Ann heard him going away along the path. She stood where she was for some minutes, and then she followed him. When she came to the turning which led to the beach she hesitated and then went down that way. Charles would be in the water by now. She thought she would wait until he was across. There would be plenty of warning if the boat came in.

It was very dark on the beach. The two headlands enclosed it and the island rose up behind. But out on the loch there was a little moonlight which came and went as the clouds moved overhead. In the last hour it had turned warmer. There must be a breeze high up, because the clouds flowed past without ceasing, but here, at sea-level, the air was perfectly still—still, warm air and warm, calm water. The clouds were not nearly so thick as they had been. They made an opal veil across the moon and parted to show deep stretches of blue-black sky. Ann could see a dark blur that was Charles' head with the bundle on it, and every now and then a little spray that caught the light as he swam, and then he was out of the water and shaking himself. And then he was gone. After a little while she thought she could hear the sound of his car going away behind the fold in the hills.

Ann went on looking at the water. She didn't want to go in. There were bright ripples in a wide path across the loch. The moon was not quite overhead. The clouds kept coming and going, and the ripples sparkled and dimmed and darkened. The stillness gave her a feeling of expectation. It was like the hush before something happens. Ann felt as if something was going to happen, but she did not know what.

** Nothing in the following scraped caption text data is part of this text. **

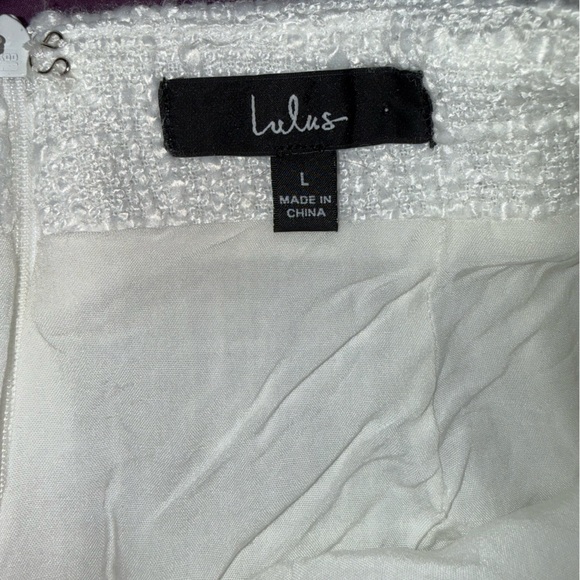 Lulu’s White Tweed Sleeveless Two-Piece Skort Romper Large - Picture 4 of 5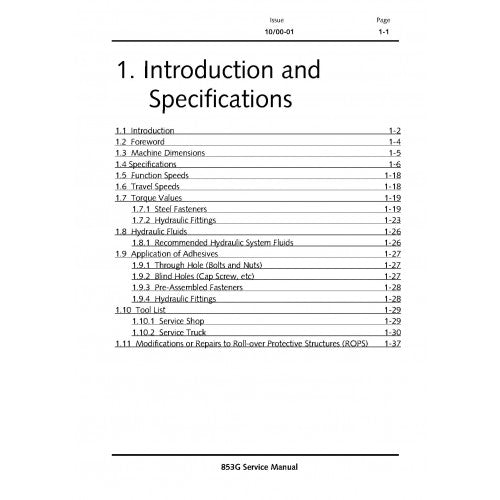 John Deere 853G Feller Buncher Pdf Technical Repair Service Manual TM1889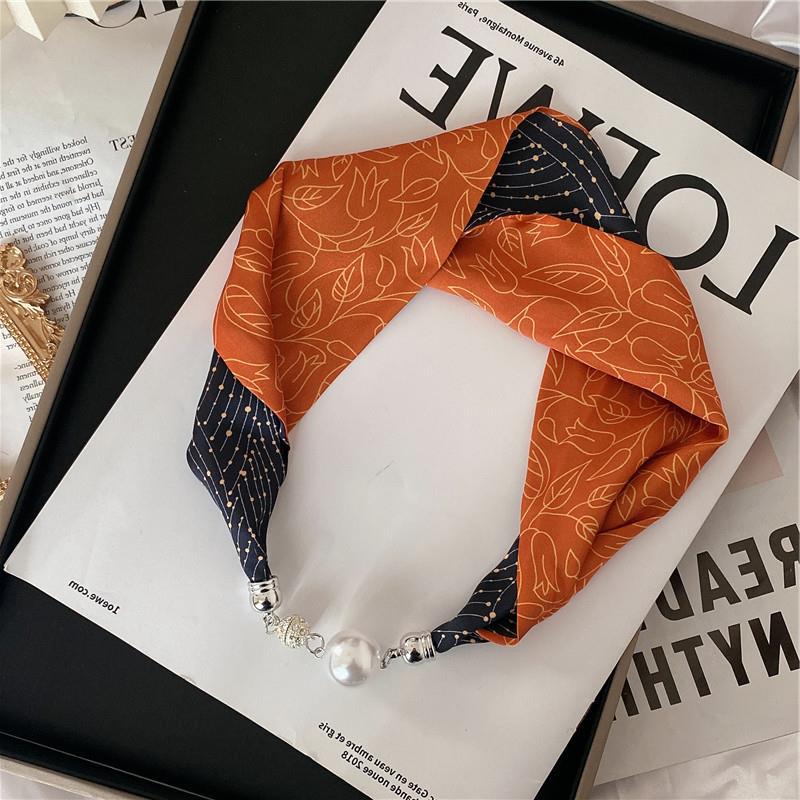 New Luxury Design Magnetic Pearls Button Silk Scarf Women Summer Neck Ornament Silk Scarves Lady Shirt Sunscreen Decoration Gift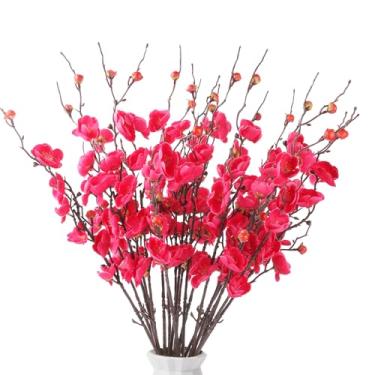 Imagem de GrainBuds Ramos de cerejeira flores artificiais para decoração interna de outono Winte, plantas de pêssego falsas para casamento, casa, escritório, quarto, festa (vermelho rosa, 56 cm)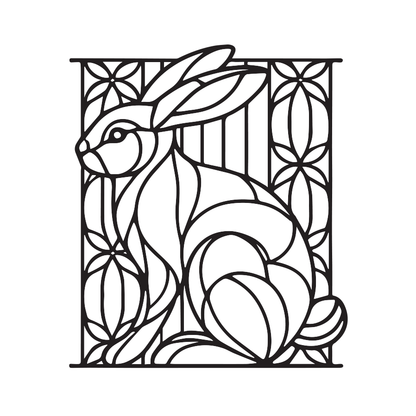 Stained Glass Animals Coloring Book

Under the veiled half light she saw something that moved among the ripples—something without shape, a darkness in the water, a darkness that moved. The clouds above were denser, and the half light failed. She couldn't see. She couldn't see at all. She felt a cold and dreadful terror of the dark. And Mary had said,
“Keep away frae the water or it'll get ye
.” She couldn't see, but she thought that she could hear the wash of that dark, moving thing. The cold fear broke into panic, and she ran, scrambling and slipping, up the steep path to the house. Half way up she looked back and saw that the clouds had shifted. The water lay bare and open to the moon. There was nothing there.

CHAPTER XII

Gale Anderson came back next day. Ann did not know when he came or how, but when she got down to breakfast he was there, and so was Jimmy Halliday.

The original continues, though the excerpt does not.